Sailing with the ship, flying with a helicopter, diving in the middle of the sea, I am on the journey of defending the Pacific Ocean.

I have been working on a campaign to help Pacific tuna to recover for more than 3 years, yet this is my first time joining the Pacific tour with Greenpeace’s biggest ship, MY Esperanza. It is one thing to know about the issues, but it is another to actually go into the fishing grounds in the Pacific to witness how the tuna fisheries empty our oceans and to be able to experience the fragility and beauty of nature.

On day one, we sent out the helicopter, and luckily, we spotted the first vessel just in the first flight. Last year, it took almost one week to find a vessel -- this can also give you an idea how big the oceans are. The vessel we spotted was a Taiwanese longliner, who has a license to fish in the Palauan EEZ. After we inspected the vessel, we asked the friendly Taiwanese captain if there are other fishing boats nearby. Then he told us that he saw some FADs (fish aggregation devices) in Palau’s waters, and he gave us the coordinates of the FAD location.

We decided to change the course of the Esperanza to chase down the FADs. At the break of dawn the next day, our helicopter found 5 FADs in the area!

Those FADs are not authorized to be set in Palauan EEZ according to the Palau enforcement officer. So we were asked to sink them as part of the joint surveillance agreement between Greenpeace and the Palau government.

How to sink a FAD? This is the first question that came up to mind as a new comer of the Pacific tour. We sent two inflatables, approached the first FAD at N04 30.5’ E13532.0’. It is an anchored cylindrical barrel object with only a number #77 on it. No information of the owner or who set it there. Schools of fish were swimming under the only floating object in the middle of the sea. Divers documented the marine life that was attracted by this deadly evil device.

I was one of the dive team member trying to swim hard against the crazy strong current to reach the FAD. I saw school of rainbow runner, small trigger fishes and an oceanic white tip. I felt like I am part of the ocean, living in this blue world. And I also know it is not easy for animals living in this condition, they have to fight with climate, current, food, escape from predators.
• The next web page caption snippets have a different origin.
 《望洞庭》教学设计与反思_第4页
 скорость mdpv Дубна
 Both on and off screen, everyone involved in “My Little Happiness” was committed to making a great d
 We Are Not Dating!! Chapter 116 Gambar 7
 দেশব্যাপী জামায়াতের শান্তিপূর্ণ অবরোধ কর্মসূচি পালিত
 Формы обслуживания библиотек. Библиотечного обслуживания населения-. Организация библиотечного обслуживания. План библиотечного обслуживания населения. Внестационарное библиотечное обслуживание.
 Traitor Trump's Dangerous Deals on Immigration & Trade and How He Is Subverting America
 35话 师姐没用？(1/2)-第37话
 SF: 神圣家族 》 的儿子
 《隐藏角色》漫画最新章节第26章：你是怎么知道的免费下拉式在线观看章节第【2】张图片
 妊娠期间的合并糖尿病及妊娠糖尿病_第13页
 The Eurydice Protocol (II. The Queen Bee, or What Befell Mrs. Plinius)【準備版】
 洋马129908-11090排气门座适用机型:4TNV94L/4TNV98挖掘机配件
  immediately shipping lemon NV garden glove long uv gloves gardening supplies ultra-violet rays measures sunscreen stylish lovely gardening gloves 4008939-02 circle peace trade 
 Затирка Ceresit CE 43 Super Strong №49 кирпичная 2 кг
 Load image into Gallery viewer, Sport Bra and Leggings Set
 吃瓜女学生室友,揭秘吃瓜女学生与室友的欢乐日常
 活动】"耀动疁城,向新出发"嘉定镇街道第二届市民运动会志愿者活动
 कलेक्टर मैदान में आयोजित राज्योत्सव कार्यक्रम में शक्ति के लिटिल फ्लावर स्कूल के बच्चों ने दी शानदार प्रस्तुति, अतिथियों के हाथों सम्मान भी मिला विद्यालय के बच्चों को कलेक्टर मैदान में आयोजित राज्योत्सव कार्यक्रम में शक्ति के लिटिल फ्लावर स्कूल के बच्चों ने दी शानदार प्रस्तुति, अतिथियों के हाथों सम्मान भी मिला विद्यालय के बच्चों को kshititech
Everything was in harmony until the fishing boats came to this far region to take all the fish out of the water.

Looking into the deep blue ocean, my mind is as clear as the sea. I know what I am trying to protect now -- the fragile ecosystem, the declining stock of tuna, the endangered species and the beautiful blue world.

We used a home-made “FAD hammer” to make holes on the FAD and let it sink. Everyone there were enjoying the “titanic moment” when we saw the FAD finally rest in peace at the bottom of Pacific. It may turn to a new home for other marine life after years, much better than helping the fleet to scope up the lives in the ocean.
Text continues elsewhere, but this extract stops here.